Читаем «Я читаюсь не слева направо, по-еврейски: справа налево». Поэтика Бориса Слуцкого полностью

В этом стихотворении – в типичной для Слуцкого манере – сугубо личное смешивается с эпохальным и метапоэтическим, в результате преходящие обстоятельства вписываются в систему его поэтики. Можно, конечно, интерпретировать это стихотворение в контексте вопроса об отношениях между интеллигенцией и народом [Smith 1999: 121] или как слияние евреев и русского тела [Соловьев 2007: 368–369]. Безусловно, оно приводит на память эпиграф Ахматовой к «Реквиему»: «я была… с моим народом» [Ахматова 1990, 1: 196]. Нет никаких сомнений в том, что Слуцкий намеренно использует эти аллюзии, однако конечный результат выглядит более интересным. Отметим, что в тексте ни разу не использовано местоимение «мы». Поэт осмысляет и пересказывает собственный опыт (все глаголы – в первом лице единственного числа: ругал, обсуждал, хвалил, не вспомню и пр.). Он начинает на полемической ноте («А я…»), как бы вступая в спор с самим собой и с теми, например официальными критиками и откровенными антисемитами, кто может бросить ему обвинение в раздутом самомнении[171]. Говорит он прежде всего о годах войны. Поэт подчеркнуто отказывается припоминать собственные обиды (явственная отсылка к антисемитизму на фронте), обнажая тем самым свою полемическую стратегию: он готов отказаться от упоминания исторических обстоятельств, главное для него – выстроить с народом собственные отношения, в гармонии с поэтикой.

Объявляя, что народ больше, а не выше, Слуцкий порывает с русской мифологией, в которой народ превозносится или освящается, будь то в демонизированной или православно-литургической форме. Для него народ – единый комплекс, море в океане истории и космоса, но не хранитель или творец истины. Истина может быть ему передана, он может высказывать ее вслух или хранить молчание в ходе исторического процесса развития истины – таково библейское определение народа, – однако поэт как экзегетический комментатор находится и внутри народа, и вне его. Слуцкий, еврей и интеллигент, очевидно не является выходцем из русского народа. Тем не менее народ становится ему родным.

Последняя формулировка представляется ключевой: то, что Слуцкий – часть народа, воплощено в его пространственной поэтике, которая, пройдя через трансплантацию, образует многоуровневый палимпсест. Едва ли не с высокомерием поэт объявляет себя родным русскому (и даже советскому) народу (в стихотворении «Романы из школьной программы…» он покажет непостоянство такого родства)[172], однако обратная сторона ситуации представляется более значимой: «безродье родное» его поэтики приобретает дополнительное содержание, определяя условия иерархического соответствия между художником и народом в концептуальной форме. При этом народ превращается в переменную. Тот вывод, к коему Слуцкий приходит касательно русского народа, подлежит переносу, с определенными модификациями, на тот народ, из которого он действительно вышел, – на евреев. Не случайно на протяжении всего стихотворения народ не конкретизирован.

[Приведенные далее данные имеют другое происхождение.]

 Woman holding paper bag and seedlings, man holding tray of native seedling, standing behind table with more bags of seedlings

Представления Слуцкого о евреях носят двойственный характер. С одной стороны, еврейская история есть особый экзистенциальный и поколенческий путь («Слепцы»), а с другой – она пересекается с общим ходом исторического процесса. Как мы помним, Слуцкий прилагает и к холокосту, и к советской истории ХХ века пролептическую методологию, где в качестве основного leitwort’а выступает «давным-давно». Действительно, евреи насильственно удалены из исторических анналов посредством христианской экзегезы («Родственники Христа»); соответственно, роль поэта заключается в том, чтобы вернуть их на место. В резком контрасте с мессианским дуализмом Бабеля и Багрицкого, народ Слуцкого одновременно и целостный, и противоречивый.

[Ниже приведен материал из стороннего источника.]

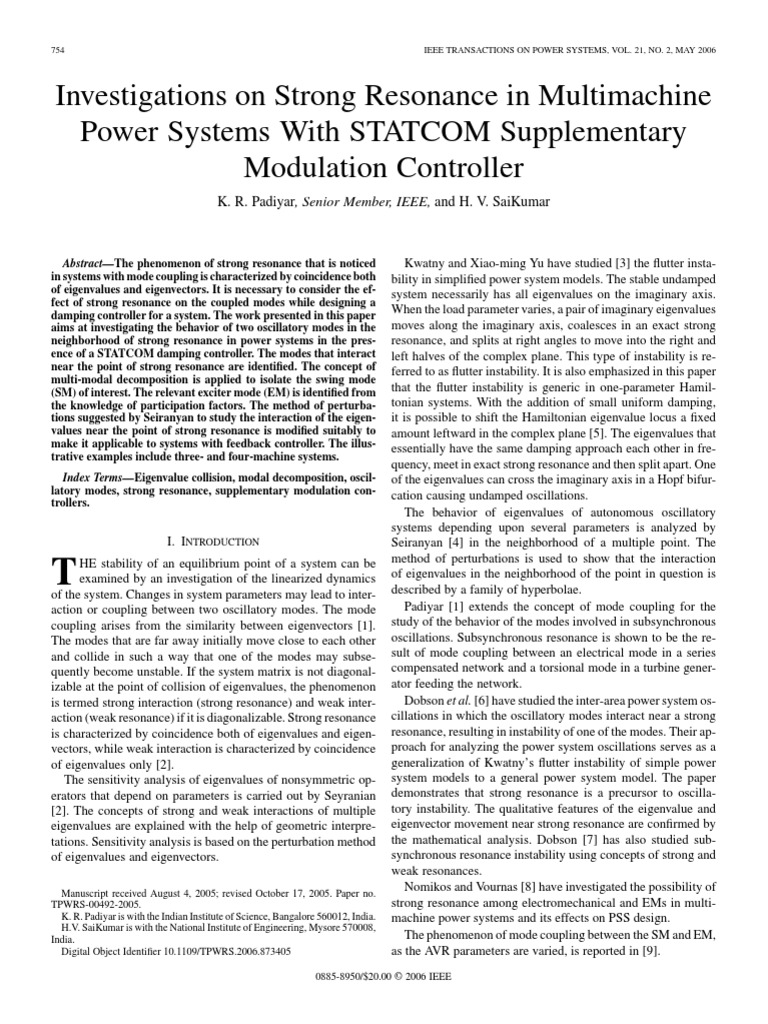 Investigations On Strong Resonance in Multimachine Power Systems With ...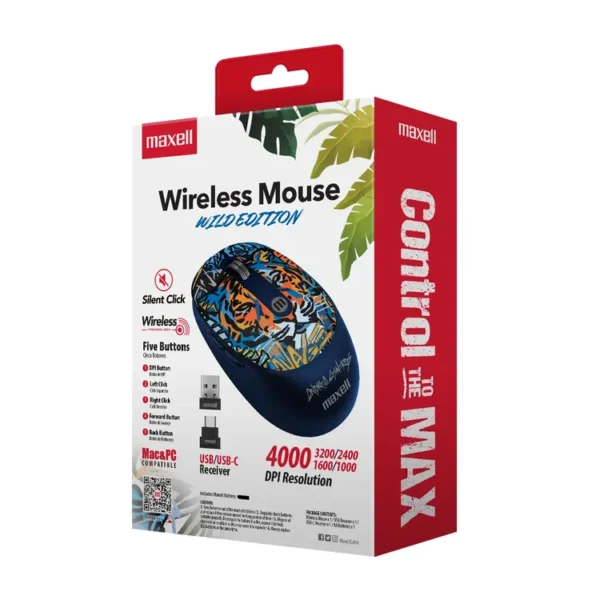 Mouse MAXELL Inalámbrico Óptico 320  Print Azul Tigre - Imagen 5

В романе «Псалом» – еще одном выдающемся примере трансплантации библейского на русскую почву – Фридрих Горенштейн, чья экзегетическая мощь по своей интенсивности почти равна мощи Слуцкого, говорит о несовпадении между библейским идеалом еврейской нации как священной и ущербным воплощением этого обещания в реальности [Grinberg 2002: 1–7]. Слуцкий в своей лирике отмечает это несовпадение. Его раннее, довоенное стихотворение «Абрам Шапиро» закладывает основы такого восприятия:

Конец (Абрам Шапиро)

Не гром гремит насчет скончанья мира,Не буря барсом бродит по горам —Кончается старик Абрам Шапиро —По паспорту – Шапиро же, Абрам.Лежит продолговатый и зловещийИ методично,                           прямо в рожу —                                                            да! —Хрипит потомкам: «Покупайте вещи —Все остальное прах и ерунда!»[Слуцкий 1991b, 1: 29].
Перейти на страницу:

Все книги серии Современная западная русистика / Contemporary Western Rusistika

Феномен ГУЛАГа. Интерпретации, сравнения, исторический контекст
Феномен ГУЛАГа. Интерпретации, сравнения, исторический контекст

В этой книге исследователи из США, Франции, Германии и Великобритании рассматривают ГУЛАГ как особый исторический и культурный феномен. Советская лагерная система предстает в большом разнообразии ее конкретных проявлений и сопоставляется с подобными системами разных стран и эпох – от Индии и Африки в XIX столетии до Германии и Северной Кореи в XX веке. Читатели смогут ознакомиться с историями заключенных и охранников, узнают, как была организована система распределения продовольствия, окунутся в визуальную историю лагерей и убедятся в том, что ГУЛАГ имеет не только глубокие исторические истоки и множественные типологические параллели, но и долгосрочные последствия. Помещая советскую лагерную систему в широкий исторический, географический и культурный контекст, авторы этой книги представляют русскому читателю новый, сторонний взгляд на множество социальных, юридических, нравственных и иных явлений советской жизни, тем самым открывая новые горизонты для осмысления истории XX века.В формате PDF A4 сохранен издательский макет книги.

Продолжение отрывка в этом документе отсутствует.